Este fenómeno tiene dos características. Es muy difícil de prevenir: como los «agentes durmientes» de los años de la guerra fría, que conducían durante años vidas normales antes de ser llamados a la acción, estas personas viven de una manera del todo ordinaria. Cuando empieza la radicalización, en primer lugar se alejan lo más posible de la sociedad impía. El psiquiatra militar estadounidense, cuando no vestía el uniforme, llevaba una larga vestimenta blanca y el tocado que es símbolo de los salafistas. La segunda característica es que raramente logran alcanzar un nivel de eficacia comparable al del 11-S: en el caso de Fort Hood, el atacante logró su objetivo, pero era un oficial armado. El estudiante que quería volar el avión que viajaba hacia Detroit fracasó porque no estaba suficientemente preparado. El somalí de Dinamarca atacó con un hacha la puerta de una casa muy bien protegida: para él la cosa más importante era morir como un mártir. Es típico de los salafistas inyectar en las personas, sobre todo en las más frágiles, el deseo de martirio.
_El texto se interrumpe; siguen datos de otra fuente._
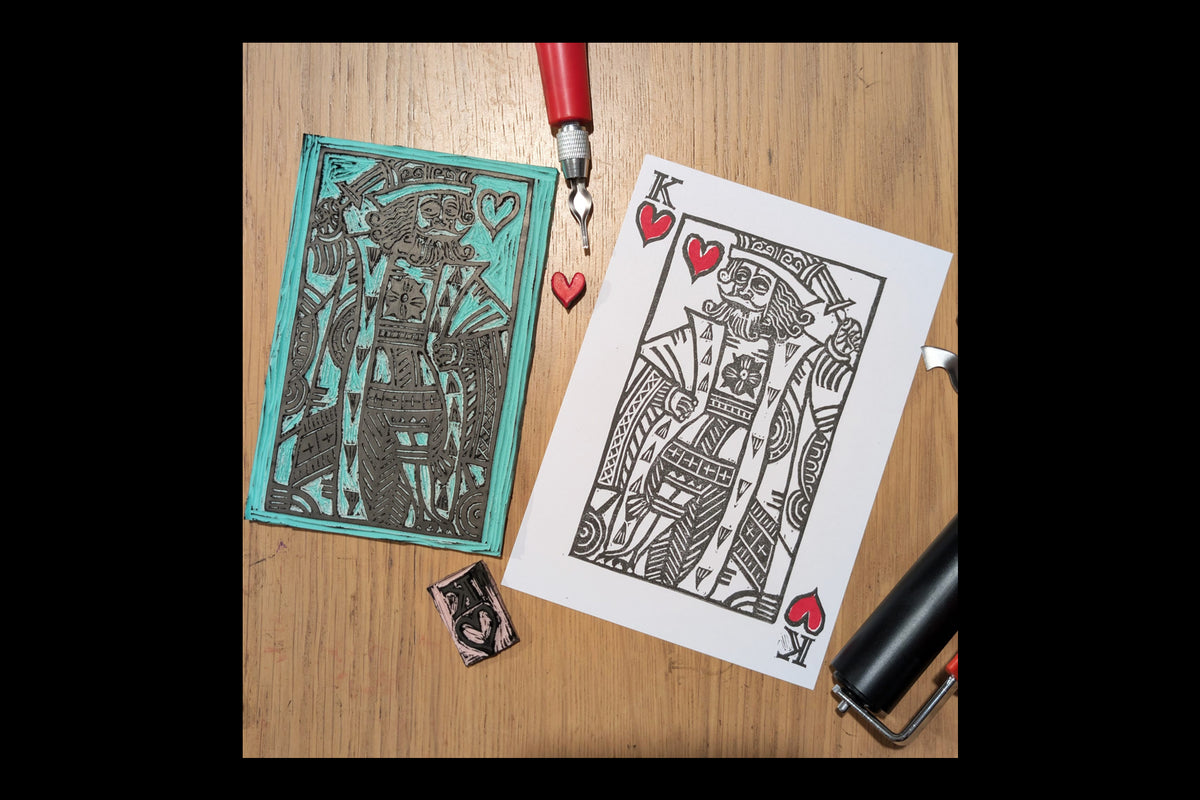 "King of Hearts" - 5 x 7 - Hand-carved Lino Block Print - Signed & Limited Of 20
La mayor parte de estos incidentes han acontecido en países que apostaron por el multiculturalismo: los atentados del 7-J fueron perpetrados en Londres, el asesinato de Theo Van Gogh, en Ámsterdam. Y en ambos países la reacción del Gobierno y de la población ha cambiado radicalmente el marco: hoy Holanda es el país más radicalizado en contra de la población musulmana en Europa. Y en Reino Unido la política de Gordon Brown es completamente diferente de la de sus antecesores. Lo extraño para Estados Unidos es que estos dos incidentes tan graves hayan ocurrido después de la elección de Barack Obama y de su discurso de El Cairo, con el que tendió la mano al mundo árabe. Es quizá ésta la razón por la que el presidente estadounidense ha estado desaparecido durante tres días después del ataque de Navidad: el atentado ha dado muchos argumentos a los republicanos para criticarle.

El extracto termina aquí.